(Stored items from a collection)
+-------+

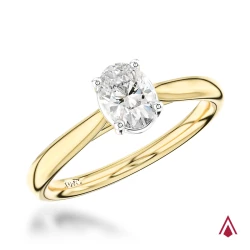 Classic Oval 18ct Yellow Gold 0.60ct Diamond Engagement Ring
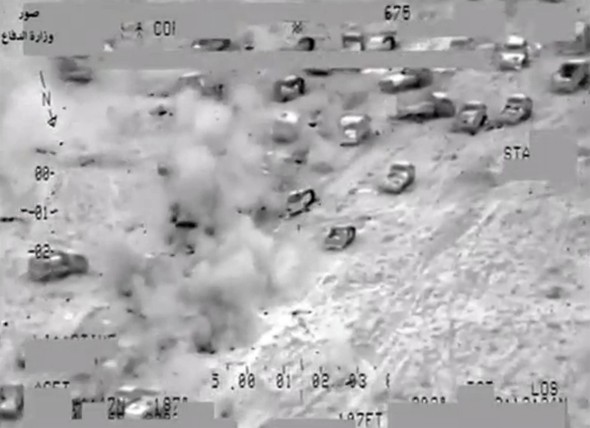 IŞİD militanları böyle vuruldu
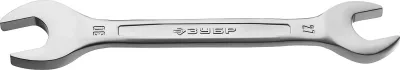 ЗУБР 27х30 мм, Cr-V сталь, хромированный, гаечный ключ рожковый 27010-27-30_z01 Профессионал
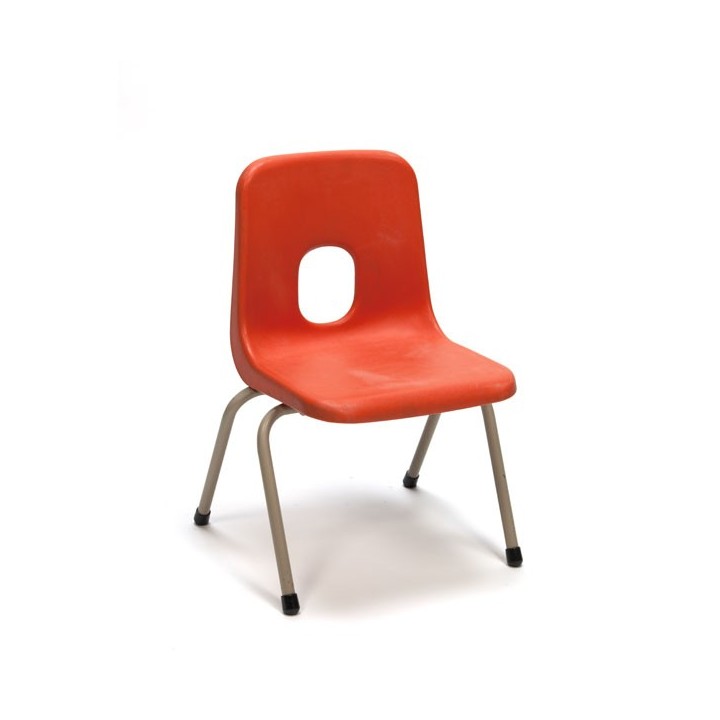 Oranje schoolstoeltje voor kinderen - Retro Studio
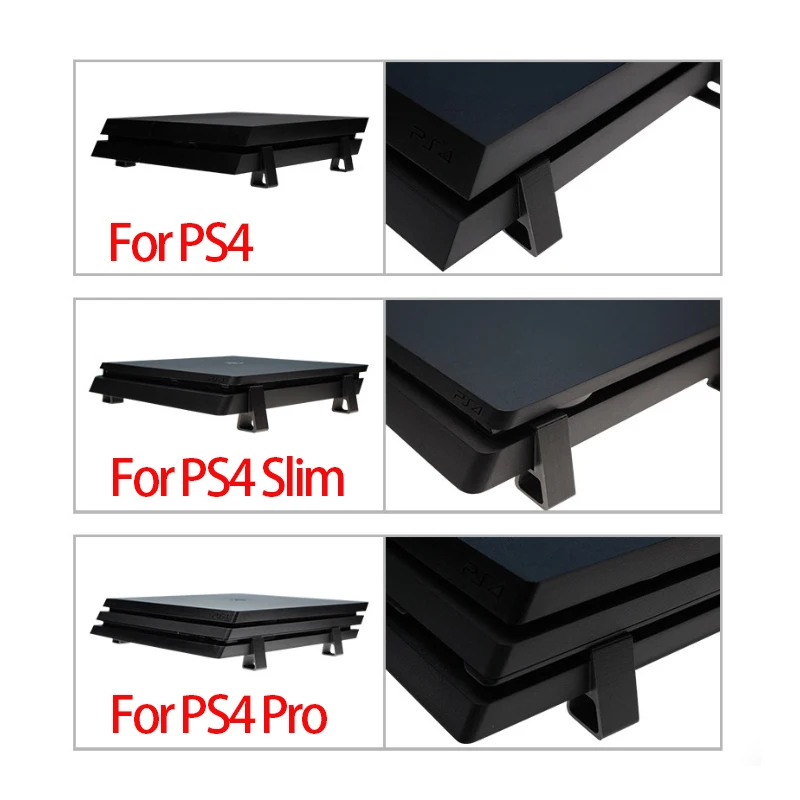 4PCS/Set Cooling Horizontal Holder Heighten Feet Bracket For PS4Slim Pro Console Anti Slip Base Bracket Game Machine Accessories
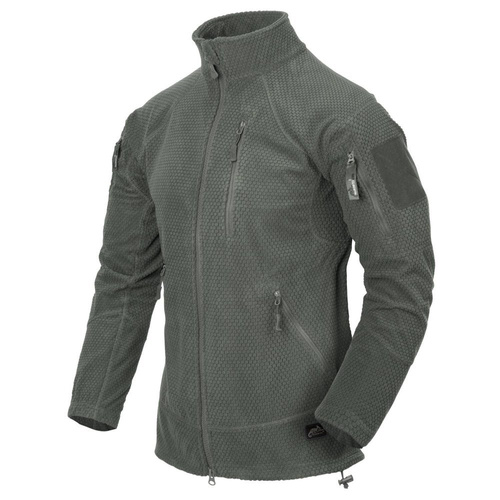Helikon - Bunda Alpha Tactical Grid Fleece - zelená - BL-ALT-FG-21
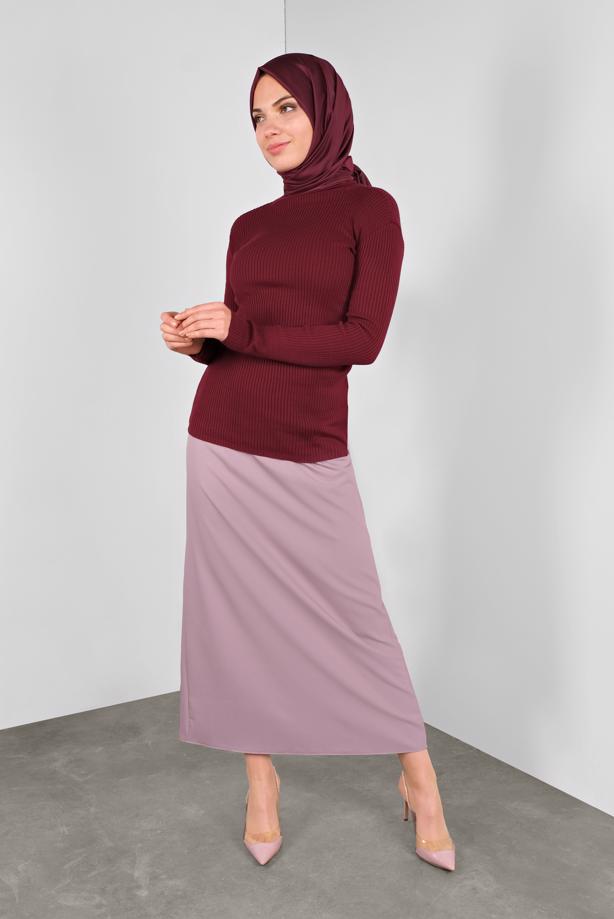 Tesettür giyim  FİTİLLİ TRİKO KAZAK 9002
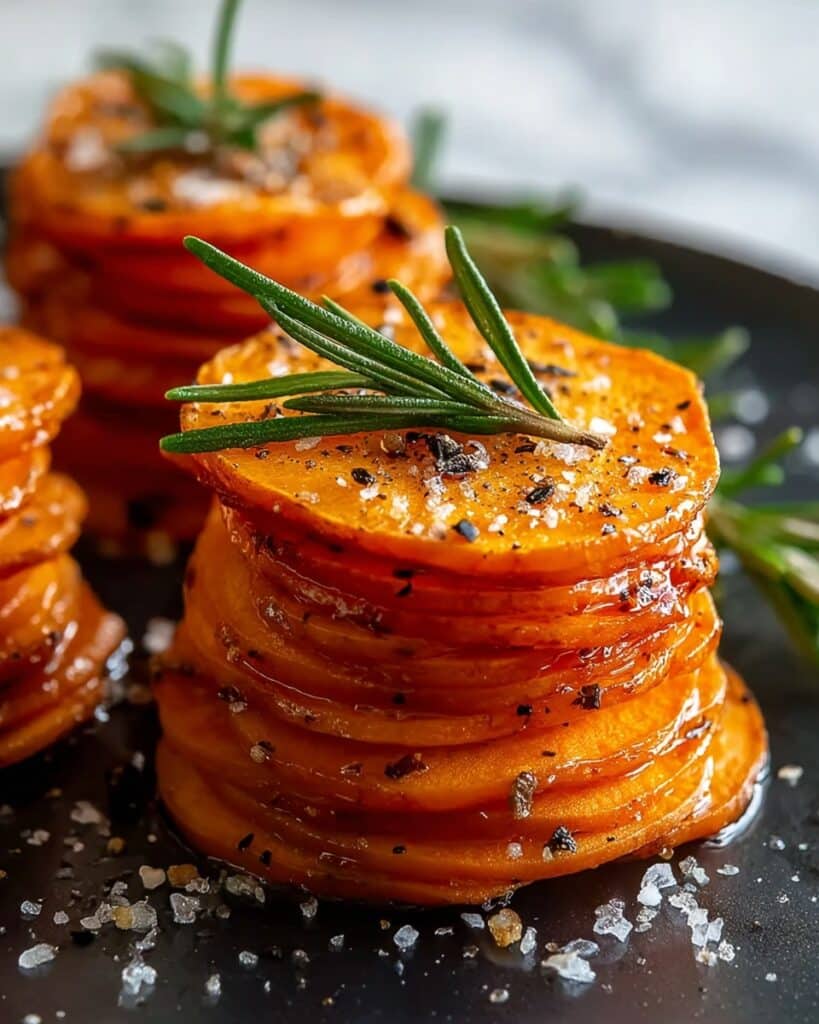 Best Savory Sweet Potato Stacks Recipe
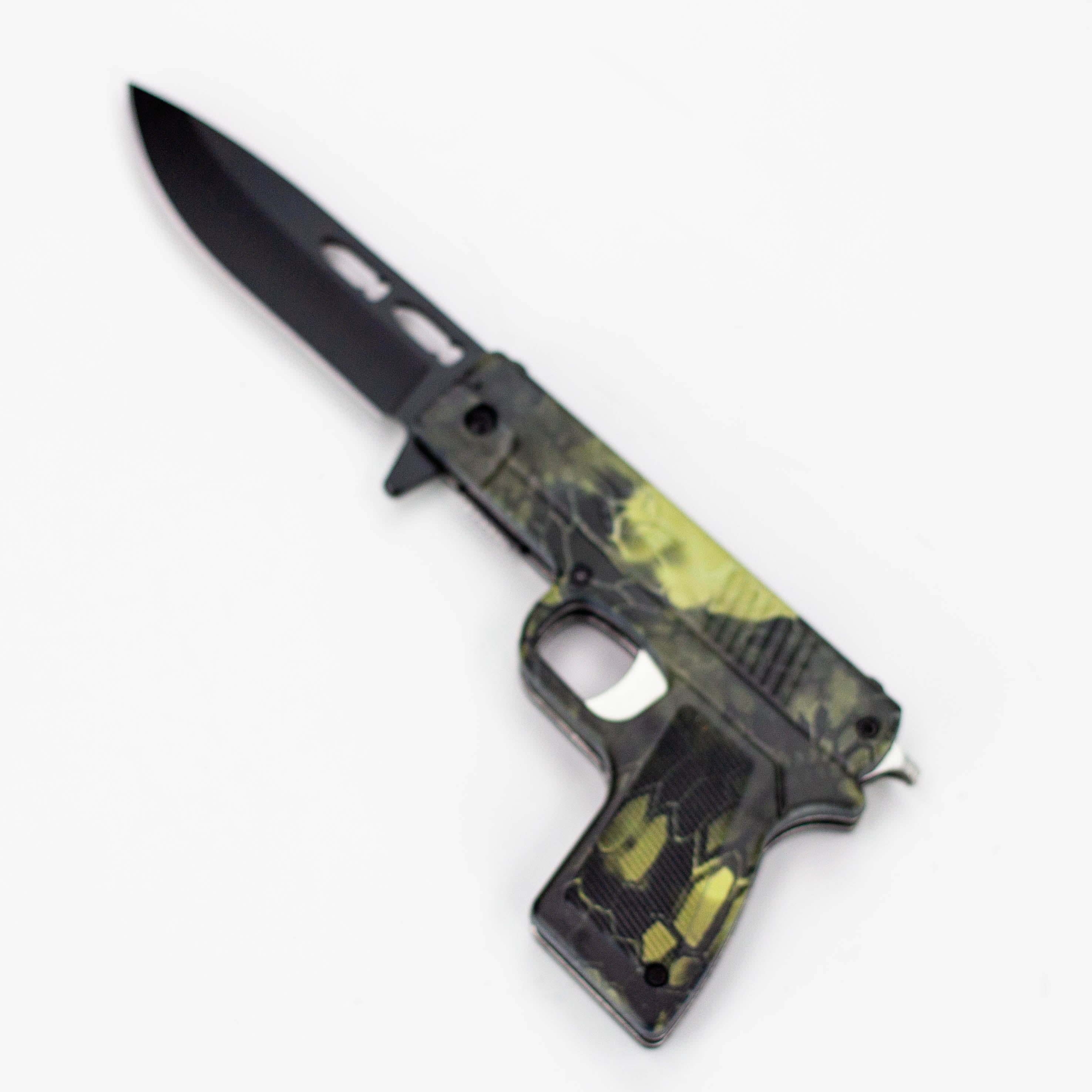 8″ Tiger-USA® Pistol Folding Knife Purple  [SJ-1042]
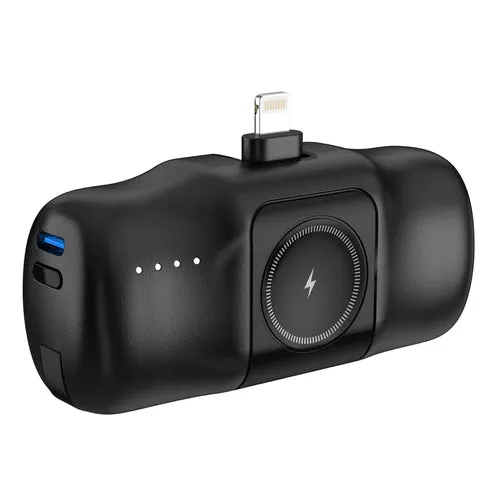 Wozinsky WF16-YLS 5000 mAh 15 W Lightning/USB-C/Apple Watch - Musta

+-------+

Exercise aim.
Where the line containing "TRİKO KAZAK 9002" appears, begin writing out the lines word for word, and continue through the last line of the data, leaving out pictures.

Answer box.
 Tesettür giyim  FİTİLLİ TRİKO KAZAK 9002
 Best Savory Sweet Potato Stacks Recipe
 8″ Tiger-USA® Pistol Folding Knife Purple  [SJ-1042]
 Wozinsky WF16-YLS 5000 mAh 15 W Lightning/USB-C/Apple Watch - Musta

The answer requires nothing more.